The Diminishing Returns of Greg Paulus

If you turned on the Duke-Purdue game last night in the second half, you probably saw a familiar situation. Greg Paulus was running the point, getting the ball to Kyle Singler and Jon Scheyer, the team's playmakers. When he wasn't doing that, Paulus was knocking down some jumpers, and finished with a respectable seven points in 22 minutes.

What you didn't catch is Paulus holding down the bench as the starters took the Mackey Arena floor to start the game. Sophomore Nolan Smith has taken the reigns at point guard for Mike Krzyzewski while Paulus, the face of Duke basketball, and a three-year starter, is coming off the bench to contribute.

If you don't know Paulus' story you don't really know what a freak this guy was. A high school product out of Syracuse, N.Y., Paulus was a star athlete in both basketball and football -- and when I say star, I mean, like, four stars. He was a specimen, a quarterback that could have picked just about any big-time football program over Duke basketball and been throwing passes before anyone realized what he'd done.

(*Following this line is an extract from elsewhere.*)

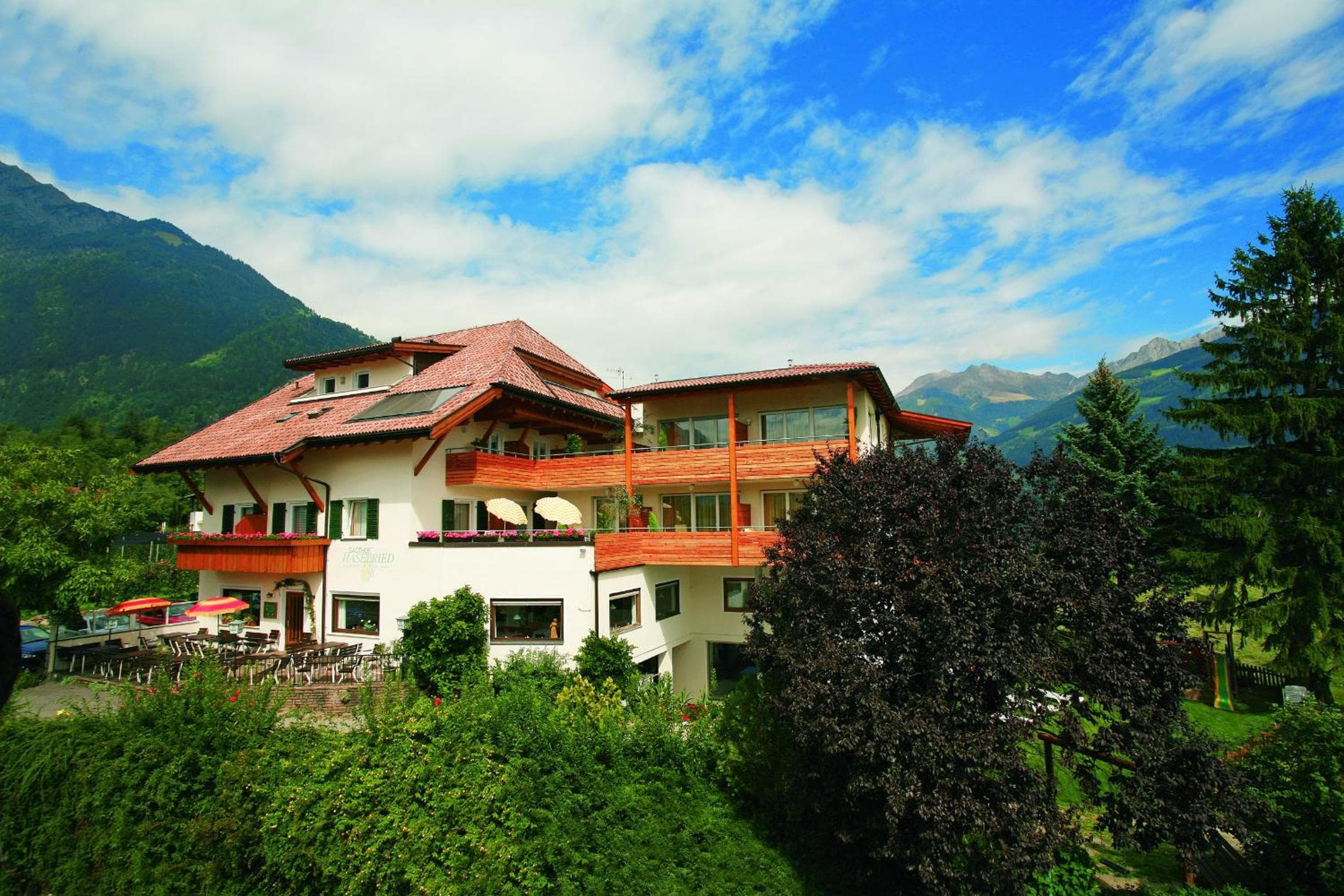 Hotel Haselried, Tirolo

As as senior at Christian Brothers Academy, Paulus lead his football team to its first Class AA state title, a perfect 13-0 record and was named the Gatorade National Football Player of the Year, an award shared with the likes of Peyton Manning and Emmitt Smith. In his junior year, Paulus tossed 29 touchdowns, and then threw for 43 touchdowns as a senior.

Scout.com had Paulus ranked ninth at the quarterback position, ahead of Texas' Colt McCoy, Hawaii's former star QB Colt Brennan and Missouri's Chase Daniel.

Now Paulus is riding the bench in basketball, mostly for his defensive liabilities that caused the Blue Devils to be exposed around the perimeter during the last two NCAA Tournaments. Paulus isn't going to play in the NBA. In fact, he'd probably be lucky to play in Europe. So was Duke the right decision? Nobody will ever know. Rankings for high school are what you make of them. Sometimes they are spot on, sometimes they miss by a mile.

But one thing is for sure -- being a quarterback for any big university around the nation has to be better than sixth man for Duke. Not Even Coach K could convince me otherwise.